İşin özeti “Bu iktidar masaya yumruğunu vurdu” diye düşünmek ve saraydakinin “İnşallah Başbakanımız 3.5 milyarı alıp gelecek” sözlerine aldanıp sevinmek yanlış.
ÇOK GÜLDÜMAstrolog bile söylüyor, artık başkanlığa geçelim
Habertürk televizyonunda bir astrolog son günlerin astrolojik durumunu anlatıyor.
Önceki gün büyük güneş tutulması oldu ya, üstüne bir de “yeni ay” dönemi girdi, astrologların en sevdiği dönemler bunlar.
Ekrandaki astrolog Zeynep Turan dünyanın yaşlandığını artık öksürmeye başladığını, içine girdiğimiz dönemin bazı gerginliklerin yaşanmasına açık olduğunu söylüyor.
Buraya kadar güzel.
Sonra lafı her nasılsa Cumhurbaşkanına getiriyor ve “Balık burcu olan sayın Cumhurbaşkanımız için de önemli bir dönem. Çok ciddi kararlar alacak çok önemli konuşmalar yapacak, ayrıca bu yıl başkanlık da görülüyor” diyor.

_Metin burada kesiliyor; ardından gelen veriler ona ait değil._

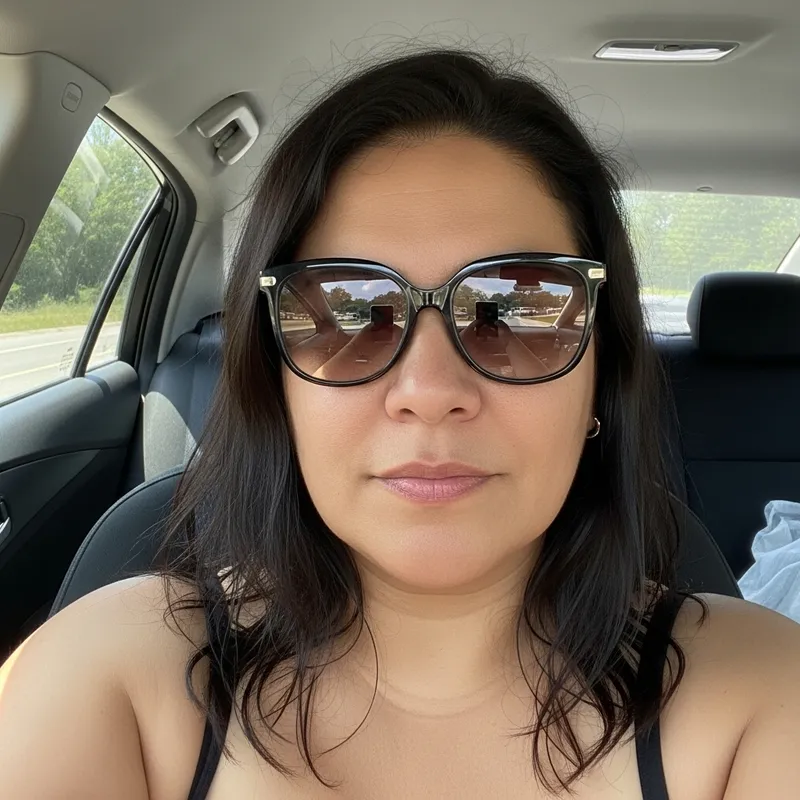 Stylish Summer Selfie of a 42-Year-Old Hispanic Woman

Artık gerçekten astroloji haritasında böyle mi gördü yoksa “valla herkes yalakalık yarışında, ben de bir şey söyleyeyim faydası olur” diye mi düşündü bilemem.

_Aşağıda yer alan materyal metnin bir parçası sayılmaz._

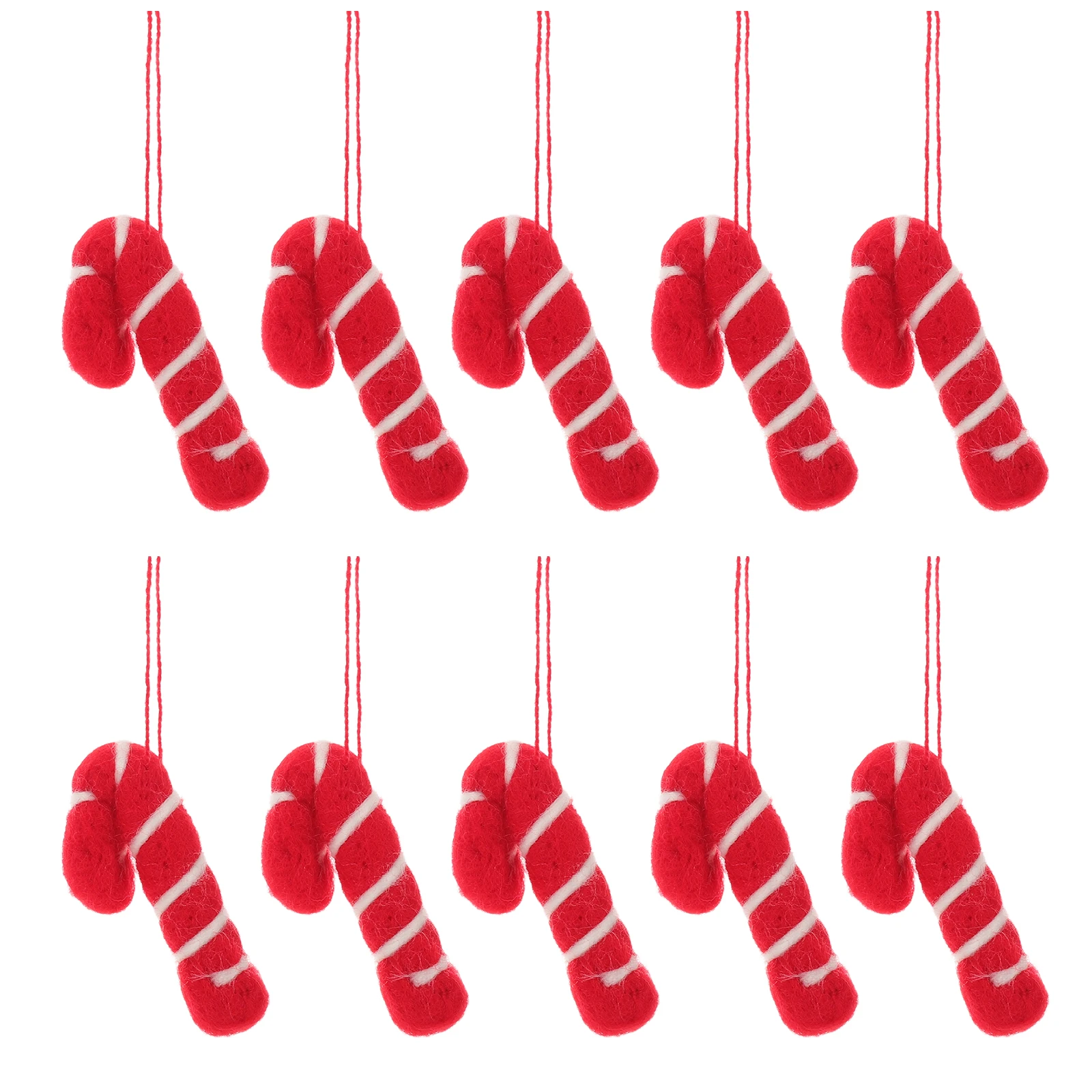 

10 Pcs Christmas Mini Candy Decorations Decorative Canes Tree Ornaments Felt DIY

Ama astrologlar da söylediğine göre, kim tutar sizi yürüyün başkanlık sistemine..
MERAK ETTİĞİ ŞEYLERHangi mültecileri alıyoruz hangilerini veriyoruz?

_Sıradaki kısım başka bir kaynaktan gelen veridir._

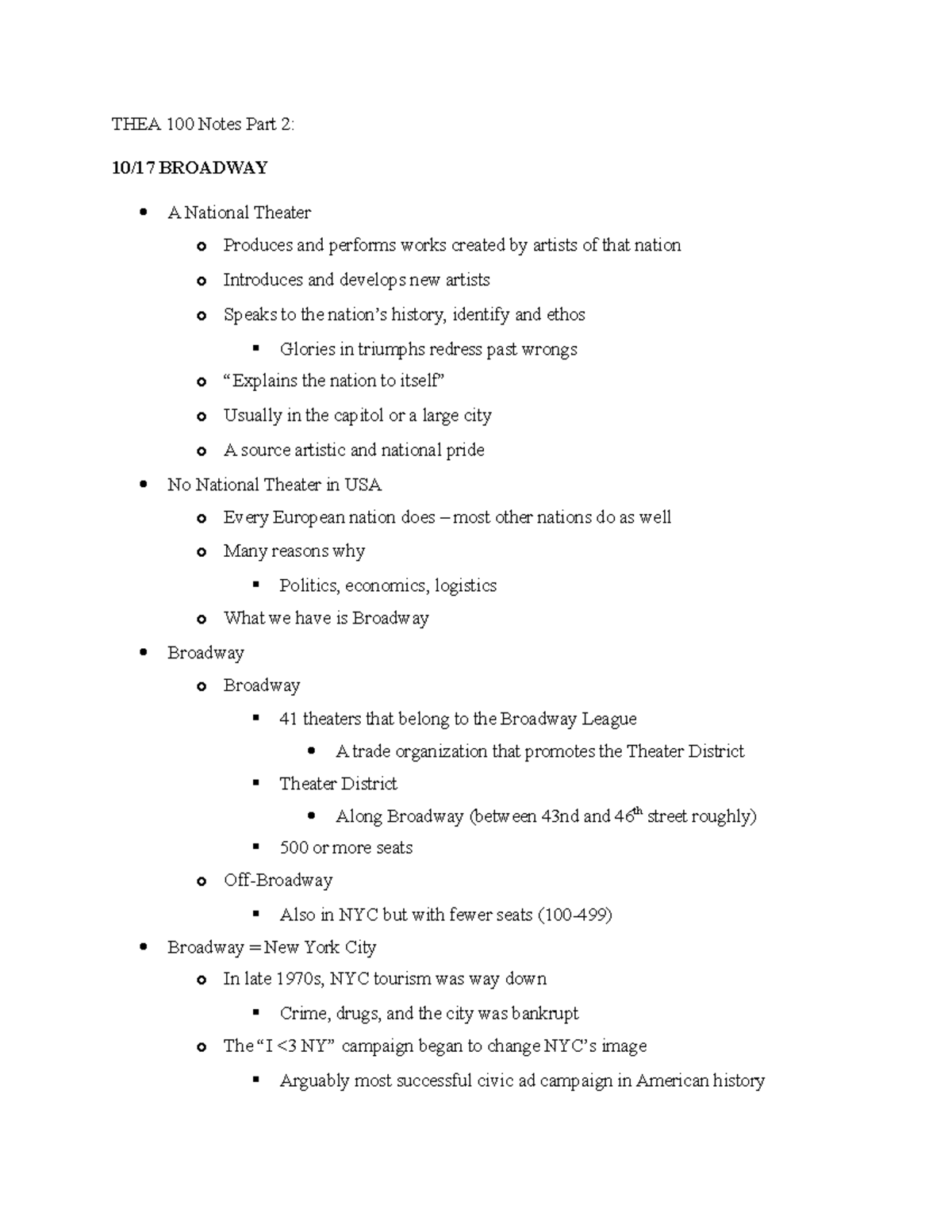 THEA 100 Notes Part 2 - Theater - THEA 100 Notes Part 2: 10/17 BROADWAY ...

Avrupa Birliği ile yapılan zirvede aklıma takılan konulardan biri Türkiye’nin “teklif” olarak sunduğu bir madde.
Buna göre Türkiye Avrupa ülkelerine kontrolsüz olarak geçmiş mültecileri geri alacak. Ancak bunun karşılığında her mülteci için bir Suriyeli mültecinin alınmasını istiyor.
Tuhaf bir talep gibi ama şöyle bir tarafı var; Türkiye şu ana kadar (başbakanın açıklaması) 10 bin mülteciyi geri almış zaten. Bunların yarısı Suriyeli, yarısı ise değişik ülkelerden giden mülteciler.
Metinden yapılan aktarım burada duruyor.